43. MPS Strategy

43.1. Introduction

.intro This is the design of collection strategy for the MPS.

.readership MPS developers.

43.2. Overview

.overview The MPS uses “strategy” code to make three decisions:

  • when to start a collection trace;

  • what to condemn;

  • how to schedule tracing work.

This document describes the current strategy, identifies some weaknesses in it, and outlines some possible future development directions.

43.3. Requirements

[TODO: source some from req.dylan, or do an up-to-date requirements analysis – NB 2013-03-25]

Garbage collection is a trade-off between time and space: it consumes some [CPU] time in order to save some [memory] space. Strategy shifts the balance point. A better strategy will take less time to produce more space. Examples of good strategy might include:

  • choosing segments to condemn which contain high proportions of dead objects;

  • starting a trace when a large number of objects have just died;

  • doing enough collection soon enough that the client program never suffers low-memory problems;

  • using otherwise-idle CPU resources for tracing.

Conversely, it would be bad strategy to do the reverse of each of these (condemning live objects; tracing when there’s very little garbage; not collecting enough; tracing when the client program is busy).

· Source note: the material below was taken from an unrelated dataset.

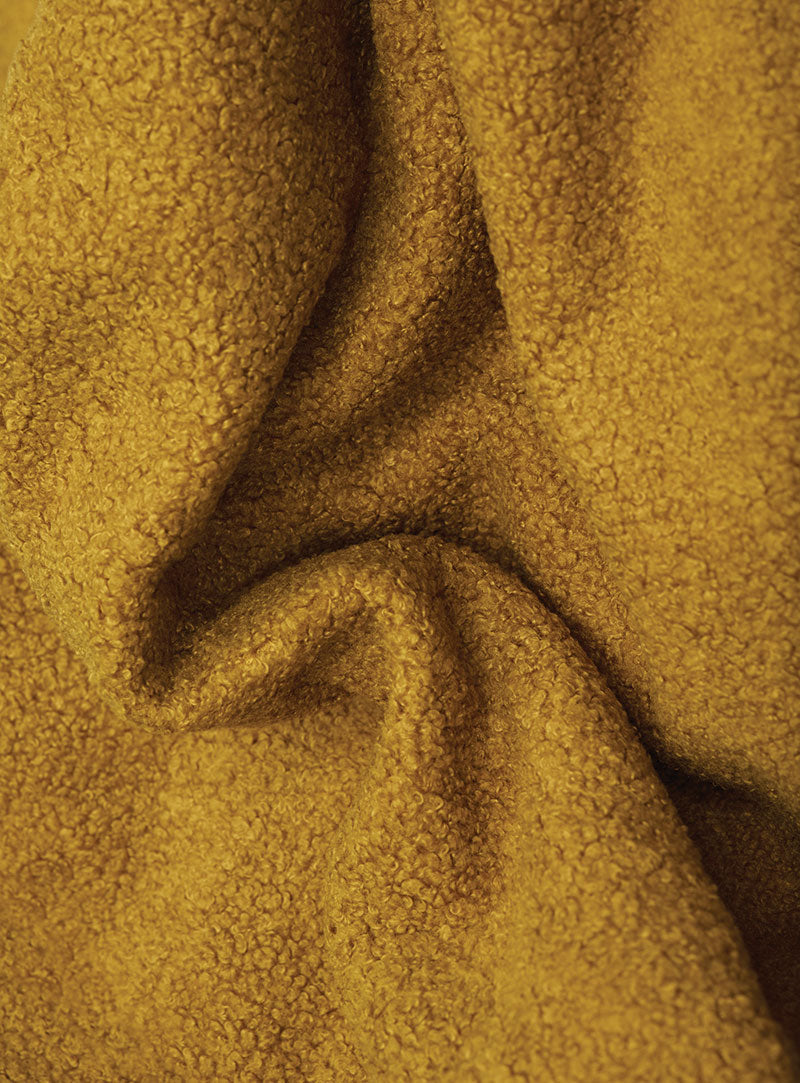 Le tissu Sherpa de Fatboy est fabriqué en polyester. Ce tissu est très doux au toucher et présente une texture semblable à celle du shearling. Le Sherpa est un tissu solide qui reste beau pendant des années et convient à un usage domestique intensif. Le tissu ne bouloches et peluches pas.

Abstracting from these notions, requirements on strategy would relate to:

  • Maximum pause time and other utilization metrics (for example, bounded mutator utilization, minimum mutator utilization, total MPS CPU usage);

  • Collecting enough garbage (for example: overall heap size; low-memory requirements).

  • Allowing client control (for example, client recommendations for collection timing or condemnation).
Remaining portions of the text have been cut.